Es ist völlig egal, was "verwendet werden darf". Das spielt nämlich nur eine Rolle, wenn es um die Beweisführung vor Gericht geht.
Das bedeutet aber noch lange nicht, dass solche Infos nicht irgendwo verbleiben oder für Ermittlungen trotzdem indirekt genutzt/vorgehalten werden können.
Lies doch mal selbst, was du zitierst.
Beweisverbote ist auch nicht gleich Beweis*verwertungs*verboten.
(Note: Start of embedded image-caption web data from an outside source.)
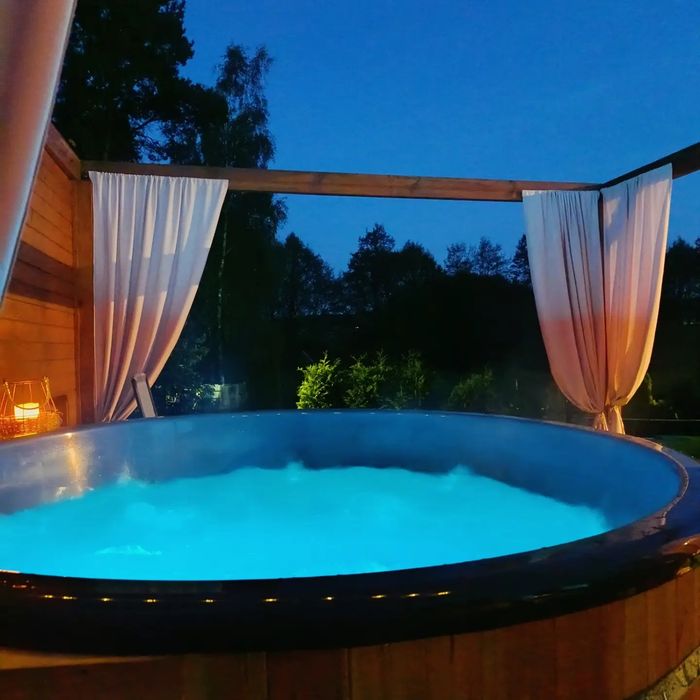 Domek przy lesie i lawendzie z sauną i jakuzzi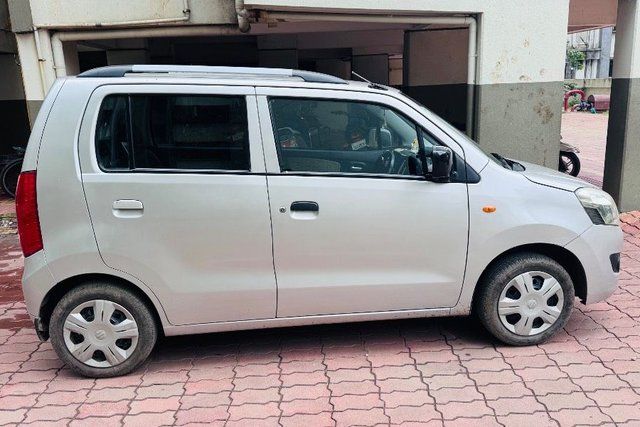 Second-hand 2017 Maruti Suzuki Wagon R वीएक्सआई BS IV for sale in Vapi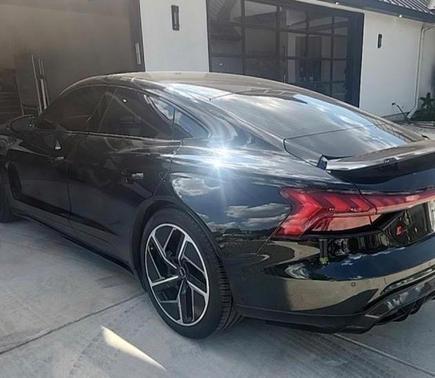 2023 Audi RS e-tron GT Base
> Ein selbstständiges Beweisverwertungsverbot enthält § 477 Absatz 2 Satz 2 StPO. *Diese Norm bestimmt, dass personenbezogene Daten, die aufgrund von Maßnahmen erlangt werden, die nur bei Verdacht auf bestimmte Katalogtaten angeordnet werden dürfen, ohne Einwilligung des Betroffenen nur in solchen Verfahren als Beweismittel genutzt werden, die eine Katalogtat zum Gegenstand haben.* Von Bedeutung ist dies *beispielsweise, wenn im Rahmen einer Telekommunikationsüberwachung (§ 100a StPO) Beweise erlangt werden, die auf eine Tat schließen lassen,* die keine Katalogtat nach § 100a Absatz 2 StPO, darstellt


"Gut, Sie besitzen keine Kipo-Sammlung. Aber schon ein bisschen viel Warez, oder? Ihnen ist schon klar, dass ein Verstoß gegen das Urheberrecht ein Vergehen im Sinne des Strafgesetzbuches darstellt und daher strafbar ist?"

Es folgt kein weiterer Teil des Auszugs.